EXERCISE
Extract the whole listing as it stands. Do not include the pictures.

DATASET EXTRACT

──────

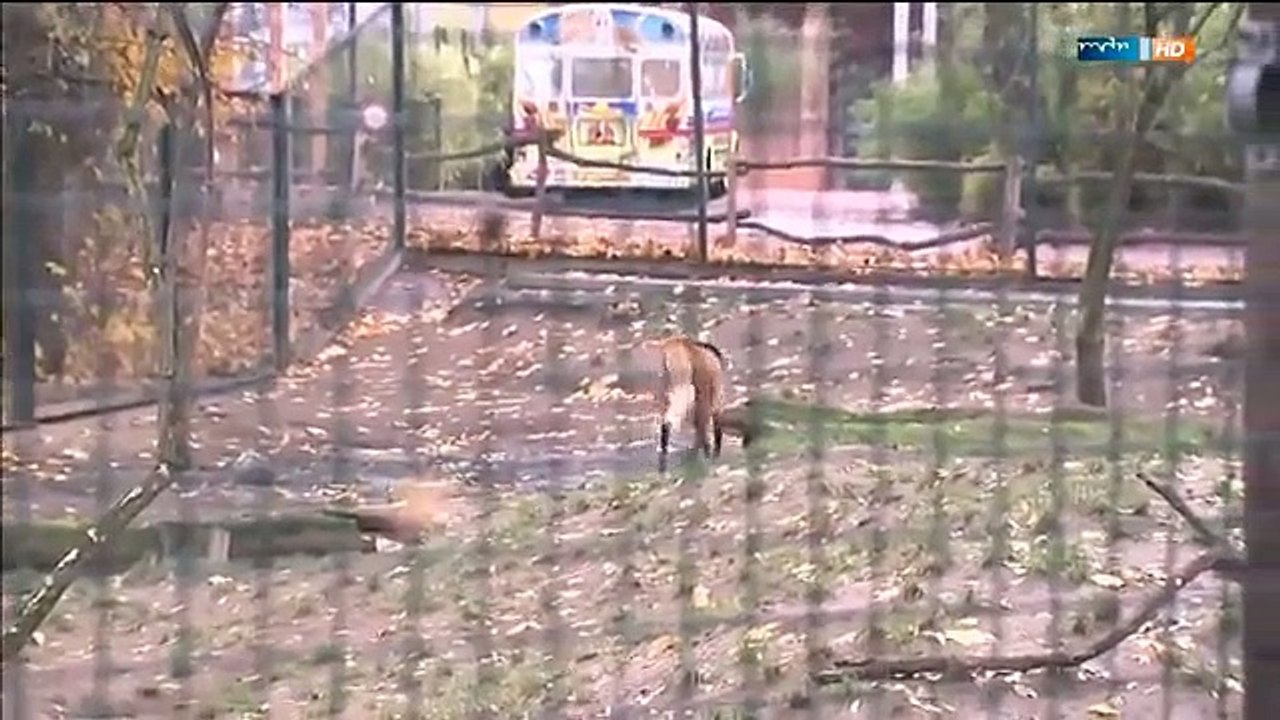 Alles auf Anfang | Elefant, Tiger & Co. (596) | MDR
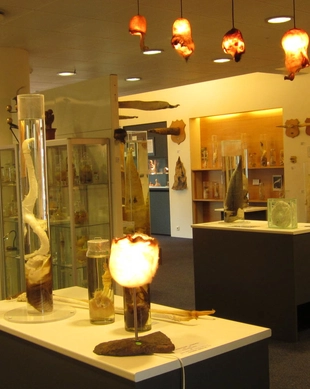 Islands fallosmuseum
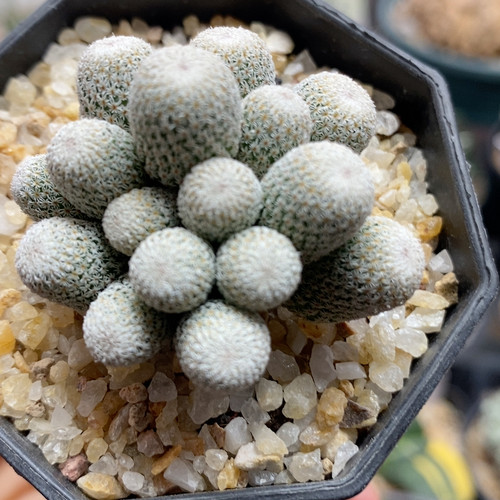 月世界群4.3cm216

──────

RESULT FOR THIS EXERCISE
 Alles auf Anfang | Elefant, Tiger & Co. (596) | MDR
 Islands fallosmuseum
 月世界群4.3cm216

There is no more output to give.